Keywords: Dapsone, inverse psoriasis, pityriasis amiantacea

How to cite this article:
Lunge SB, Swamy MB, Tatawati AS. Inverse psoriasis with pityriasis amiantacea treated successfully with dapsone. Indian J Drugs Dermatol 2019;5:104-6

How to cite this URL:
Lunge SB, Swamy MB, Tatawati AS. Inverse psoriasis with pityriasis amiantacea treated successfully with dapsone. Indian J Drugs Dermatol [serial online] 2019 [cited 2023 Feb 2];5:104-6. Available from: https://www.ijdd.in/text.asp?2019/5/2/104/272958

  Introduction Top

Psoriasis is a chronic inflammatory skin disorder characterized by scaly erythematous plaques and compromise of different body zones, usually with pruritus, and has a significant negative impact on quality of life.[1]

Psoriasis that involves the inguinal creases, axillae, submammary folds, gluteal cleft, umbilicus, and other body folds is known as flexural or inverse psoriasis.[2] Inverse psoriasis is a rare form of psoriasis that affects between 3% and 7% of the patients with psoriasis, but its actual incidence is still unknown.[1],[2] Pityriasis amiantacea is an inflammatory scaling reaction over the scalp, often without any evident cause and at any age.[3]

  Case Report Top

A 20-year-old known case of achondroplasia presented with itchy erythematous plaques over the bilateral axillary, inframammary, and gluteal skin folds with diffuse scaling over the scalp on and off for 5 years. She was born out of second-degree consanguineous marriage with no developmental delay. The patient had previously received a broad range of topical and systemic therapies that had to be discontinued due to ineffectiveness. She presented to our outpatient department with exacerbation of the symptoms in the past 2 months and also had a history of winter exacerbation. On examination, there were short limb dwarfism, frontal bossing, and lumbar lordosis, with the scalp showing diffuse, thick, yellow-colored scales with matting of hair. The lesions in the intertriginous area were moist, erythematous plaques with no scaling [Figure 1] and [Figure 2]. A differential diagnosis of seborrheic dermatitis, fungal and bacterial intertrigo, inverse psoriasis, and Hailey–Hailey disease was considered.

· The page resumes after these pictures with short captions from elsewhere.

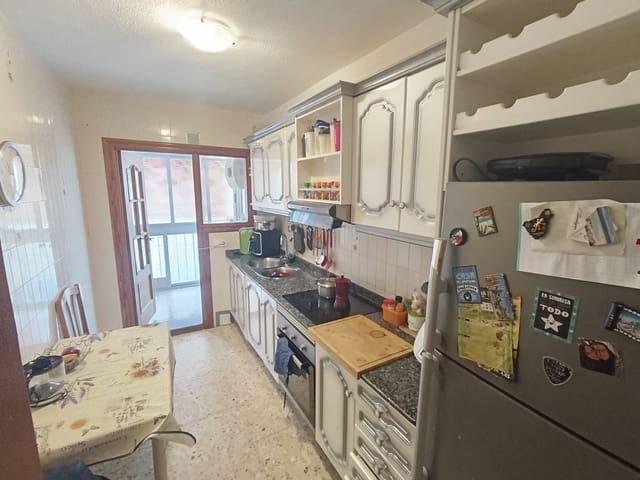 4 Zimmer Wohnung zu verkaufen in Centro Urbano, La Villajoyosa / Vila Joiosa - 250.000 € (Ref: 9802718)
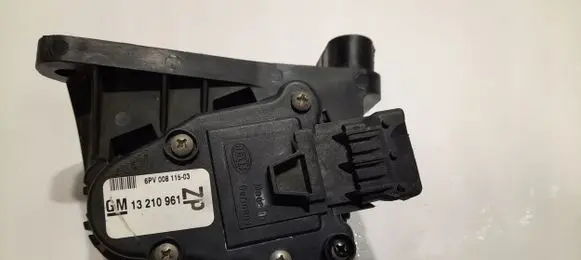 Opel Zafira B Accelerator throttle pedal 13210961ZAFIRA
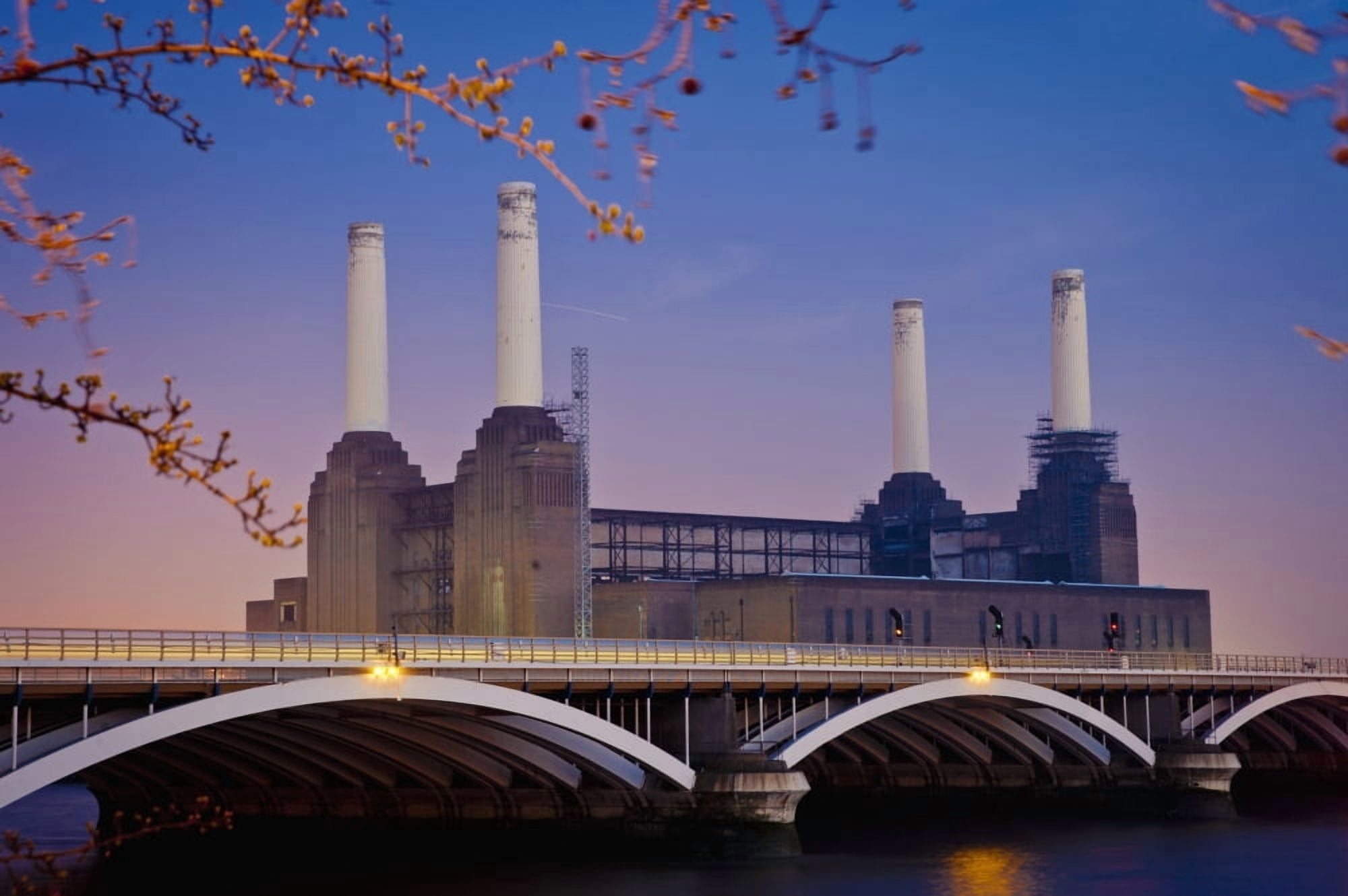 UK England View of Battersea Power Station from Chelsea Bridge London Canvas Art - Dosfotos Design Pics (19 x 12)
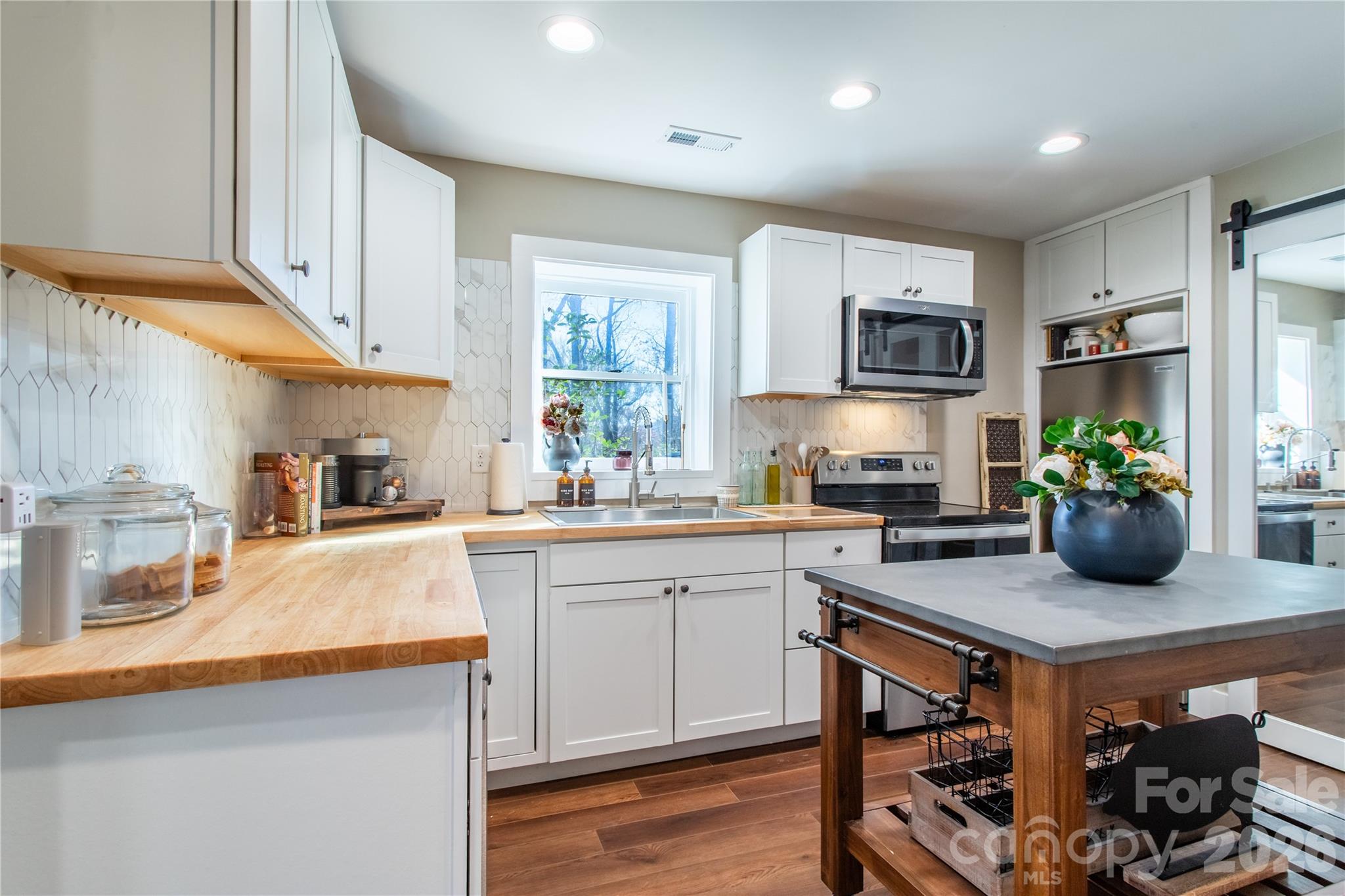 426, 428 Weaver Creek Road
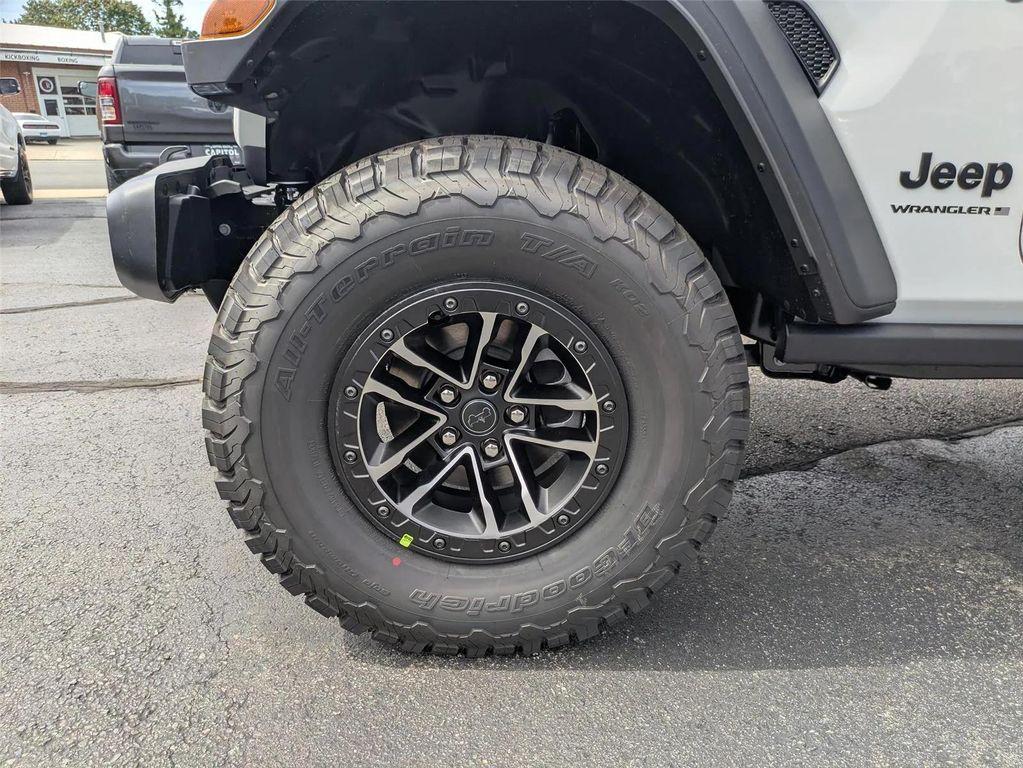 new 2025 Jeep Wrangler car, priced at $54,432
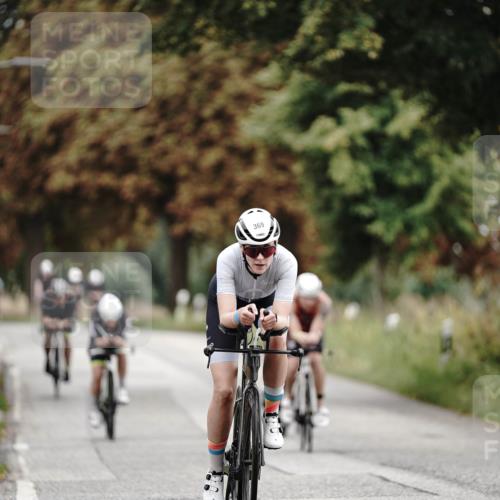 30.08.2026 - Elbe Triathlon Hamburg Michael Burmester http://msf.ph/oto/10068428 30.08.2026 09:31:35 Radfahren 285, 369, 376, 655, 701, 703, 771 meine-sportfotos.de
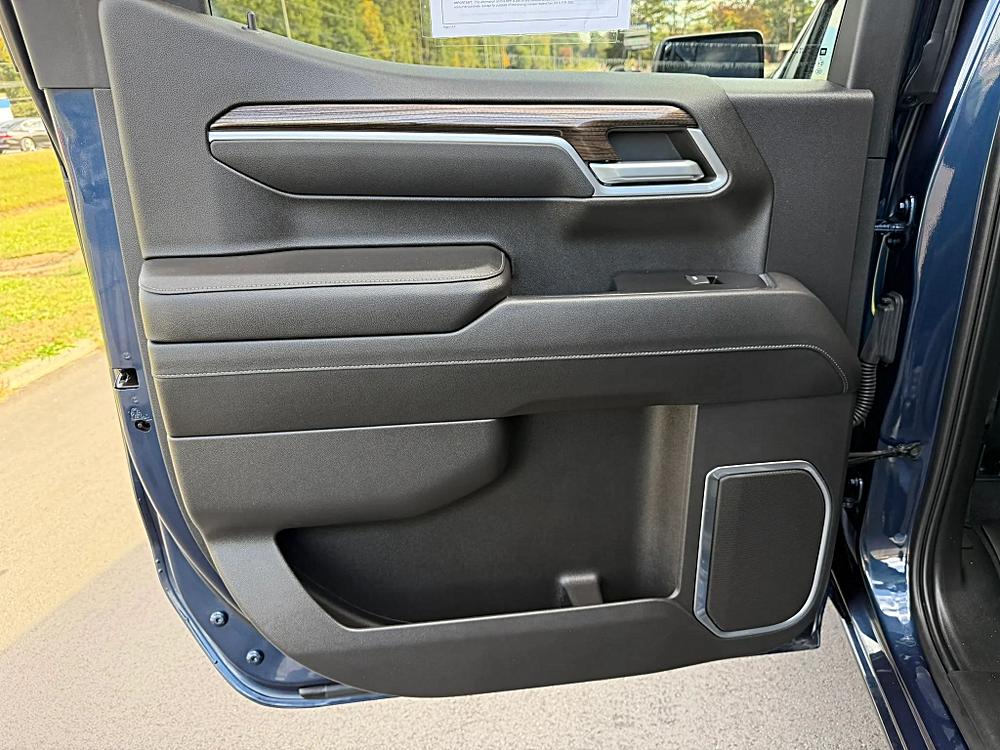 Chevrolet Silverado photo 40
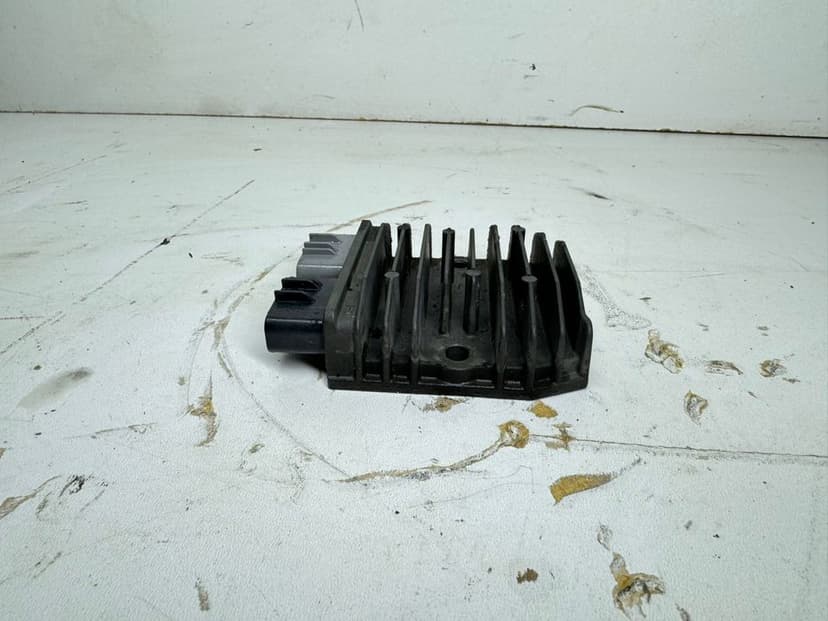 Ducati Monster 821 Regulator Napięcia 15 - 17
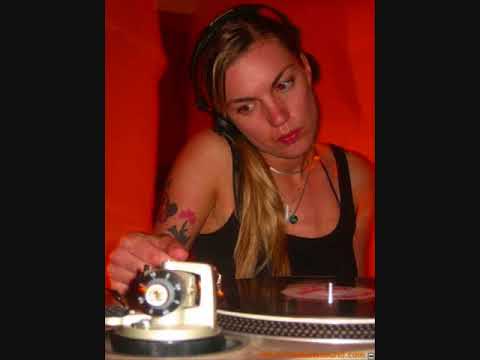 Dj Katcha & MC Nuc & C-lara LIVE @ Klub C19, Kladno - Czech Republic 2001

Dermoscopy showed regularly arranged bushy red dots with thick, large, yellow-colored scales over the scalp, suggestive of psoriasis with pityriasis amiantacea, and to confirm the diagnosis, skin biopsy was done which showed features of hyperkeratosis and parakeratosis with hypogranulosis, elongated rete ridges, and suprapapillary thinning suggestive of inverse psoriasis [Figure 3]. Due to financial constraints, the patient was started on dapsone 100 mg, gentian violet over the involved areas, and topical antifungal with steroid combination was applied application only over the scalp for 1 month. After 1 month of dapsone therapy, the patient started showing improvement in scalp and flexural lesions [Figure 4] and [Figure 5]. Dapsone was continued with good remission lasting for 3 months.
Figure 1: Erythematous plaques in the inframammary area with erosions (pretreatment)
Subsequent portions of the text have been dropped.